Pour avoir lu pas mal de livres sur l’écriture, désolé les gars, mais il n’y a pas de recettes ! Je ne suis pas très disciplinée, donc il faut que ce soit du plaisir. Et mon plaisir, c’est de m’asseoir le matin à ma table, quand il n’y a plus personne chez moi, avec un bon thé et mon cahier, en me sentant un peu libre, tranquille et au calme. Mais je n’ai pas de conseils à donner, si ce n’est que ce soit un plaisir. On n’a aucune raison de le faire. Personne n’attend votre livre, il y en a assez comme ça. Donc si l’écriture n’est pas un plaisir, ne le faites pas. En atelier, j’entendais beaucoup de gens dire : « J’ai toujours rêvé d’écrire, mais je ne m’y suis jamais vraiment mise, parce que je n’avais pas le temps. » J’ai compris qu’en réalité, personne n’a jamais le temps. On n’aura jamais le temps. Ne nous mentons pas à nous-mêmes, le temps, on le prend sur d’autres choses. Les gens qui disent : « J’ai toujours rêvé, mais je ne l’ai pas fait », c’est qu’ils n’en ont pas tellement rêvé, sinon ils l’auraient fait.
Au départ, qu’est-ce qui vous a donné envie d’écrire ?
La poésie. Quand j’étais adolescente, j’ai commencé à lire Rimbaud, Baudelaire, Mallarmé. Mon père adorait la littérature, et il citait tout le temps des petites phrases de Montaigne. Mon parrain, Jean d’Ormesson, venait souvent à la maison. J’ai baigné dans la littérature toute ma vie, donc ça me fascinait. J’adorais l’émission « Apostrophes ». C’était tellement intéressant. J’ai commencé par lire de la poésie, et même si je ne comprenais pas tout, je trouvais que ça sonnait magnifiquement. Ce qui m’a découragé, ce sont les dissertations et les rédactions. Elles m’ont éloignée de mon envie, parce que je n’étais pas très bonne, et qu’elles donnaient beaucoup de contraintes, le contraire de l’écriture créative. J’ai mis beaucoup de temps à m’y mettre, à cause de complexes liés à mon entourage de gens brillants. L’autre meilleur ami de mon père était aussi Académicien. J’avais envie, j’étais fascinée, mais je n’avais pas trouvé mon chemin. J’ai lu beaucoup de livres de développement personnel, que ce soit Julia Cameron (qui aide à trouver ce qu’on aime et qui on est vraiment), ou encore Elizabeth Gilbert, avec son livre Comme par magie, qui va contre les idées reçues sur l’écriture.
Quels sont les livres sur l’écriture que vous avez lus et aimés ?
Writing down the bones de Natalie Golberg, qui est une américaine, professeure d’écriture créative dans le Nouveau-Mexique.

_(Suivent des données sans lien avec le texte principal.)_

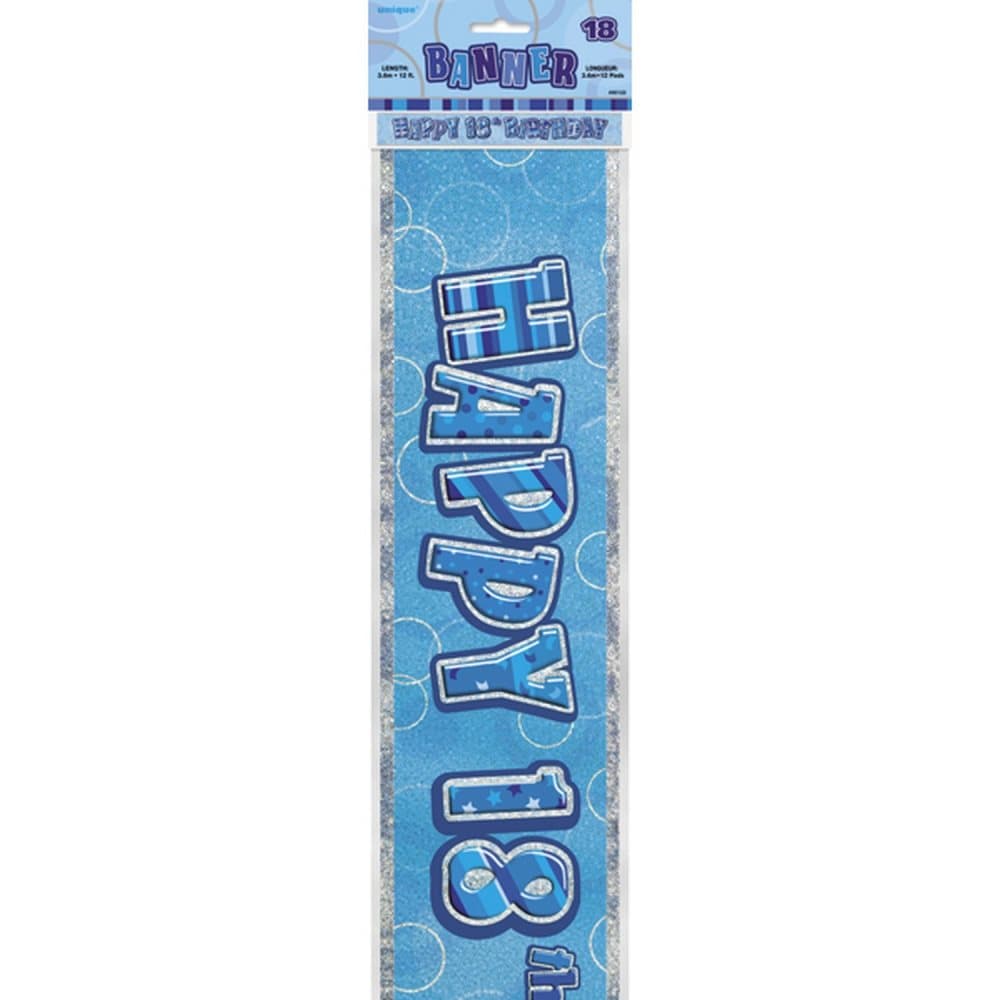 Happy 18th Birthday Blue & Silver Foil Banner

Elle accompagne l’écriture d’une pratique un peu spirituelle, et elle cherche à savoir qui on est, quel est notre type d’écriture, d’où l’on vient, qu’est-ce que l’on a à dire. C’est de l’introspection pour arriver à l’écriture. Une écriture nécessaire. Ça m’a beaucoup frappée, parce qu’en effet, on ne peut pas détacher l’un de l’autre. On ne peut pas chercher un sujet pour écrire, mais plutôt chercher ce que l’on a à dire. Si j’éprouve ce besoin de m’exprimer, qu’est-ce que j’ai, au fond, à dire ? Ce n’est pas juste s’exprimer pour s’exprimer.